Flint attempted to clear up the matter at the April 30 meeting of ASUM.

“Although I put ‘Forward Montana’ on the campaign finance report, it was actually a personal check, so technically” it wasn’t a PAC contribution, Flint said, elaborating that he had hoped to “make a statement” by citing the PAC, of which he is a member, as well as to “err on the side of full disclosure.”

Regardless of the technical terms of Thielman’s contribution to Flint and Price’s campaign, the donation marked a new era in UM student politics. Until this election, students had raised campaign money out of pocket or by gathering donations from other students and family members. Lindsay Vaughey, Montana’s commissioner of political practices, says that she has never heard of a PAC-related contribution to student politics in her five years in office.

But Flint says that critics are overlooking other irregularities of this past election that were more problematic than his acceptance of PAC money, which did not violate any university rules.

“MontPIRG campaigned for our opponents with an ad in the Kaimin on election day, which is clearly illegal, and that hasn’t really been brought up,” Flint says, referring to a University election bylaw—since struck down—prohibiting campaigning on election day. “People say Forward Montana is political but MontPIRG isn’t…I think everybody will admit that MontPIRG is political.”

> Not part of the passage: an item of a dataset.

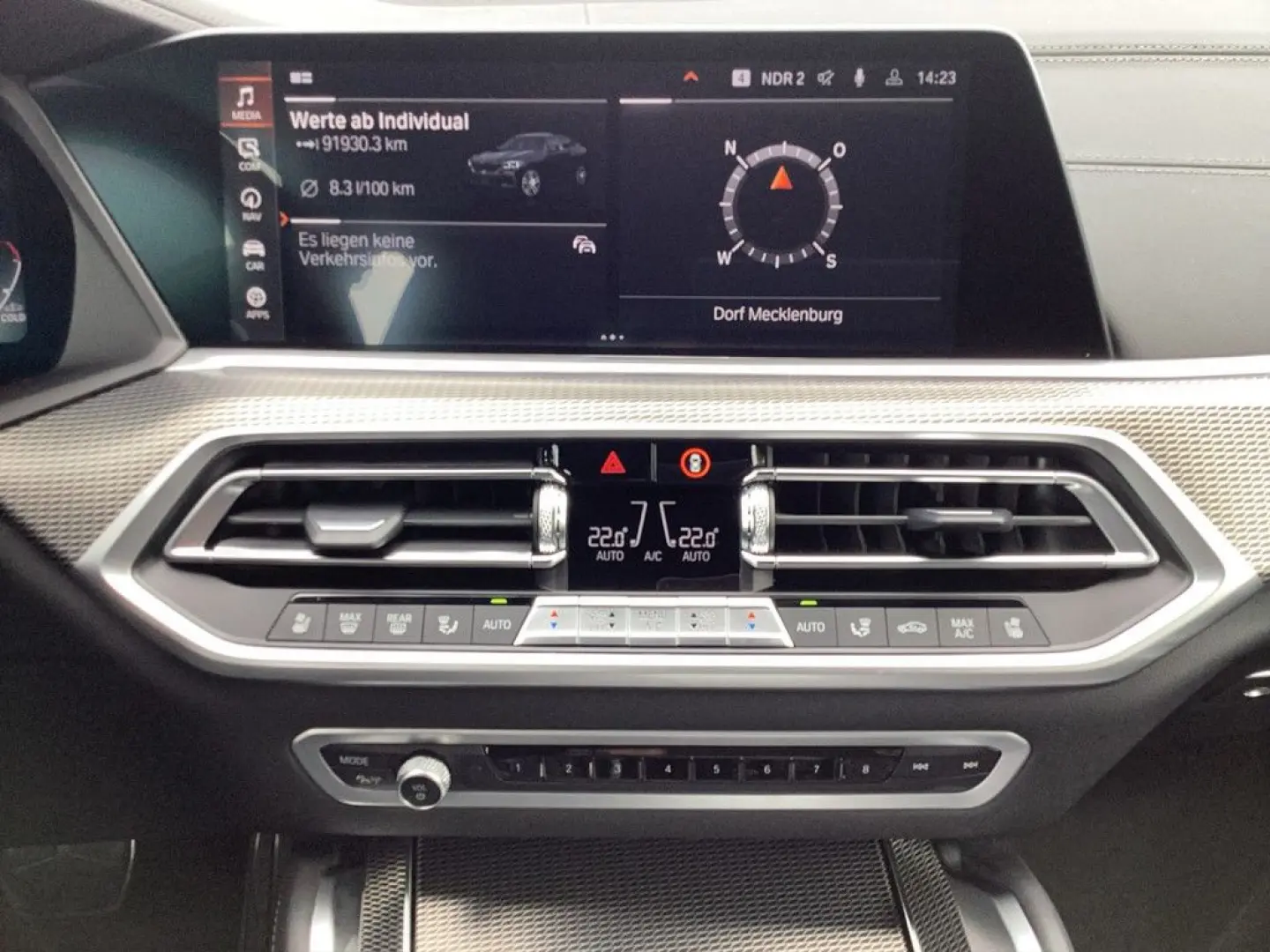 X6 xDrive40d M-SPORT LASER HUD 360° STANDH 22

Christy Schilke, the outgoing ASUM vice president who ran against Flint, says that people should be concerned about student candidates accepting money from any outside groups.

“Being an ASUM executive or student leader, you need to be non-partisan, and if you have a political PAC backing you up, that takes away from your non-partisanship,” Schilke said. “I don’t know if it’s unethical, but it doesn’t sit right with me.”

It didn’t sit right with some others either, as several ASUM senators set about drafting a change to the University’s election by laws to prohibit the type of contribution that Flint and Price accepted.

The proposed changes were discussed vigorously for over two hours at ASUM’s final meeting of the year on Wed., April 30—an occasion typically marked by awards, smiles and handshakes rather than intense debate.

ASUM Senator David Frost argued that the bylaw change was “put in here as a personal strike against what Aaron and Gale did on their campaign,” a move which Frost considered “incredibly immature.”

Outgoing ASUM President Jon Swan countered that the proposed change had been discussed for years prior to the last election.

“The issue is, should off-campus political action committees be able to buy into ASUM elections, and I say no,” said ASUM Senator Alex Rosenleaf. “I know it’s done on the federal level. I know it’s done on the state level, but, by God, I think we should be better than that. PAC money is not the sort of thing we want to let into the ASUM political process.”

After a flurry of amendments and counter-amendments, ASUM voted 16-5 in favor of changing the bylaws to prohibit outside campaign donations.

“Everybody just wanted to get out of there,” says Flint. “It wasn’t fully thought through.”

Flint, one of the five who voted against the changes, says that during his presidency in the coming year, the senate may revisit the issue.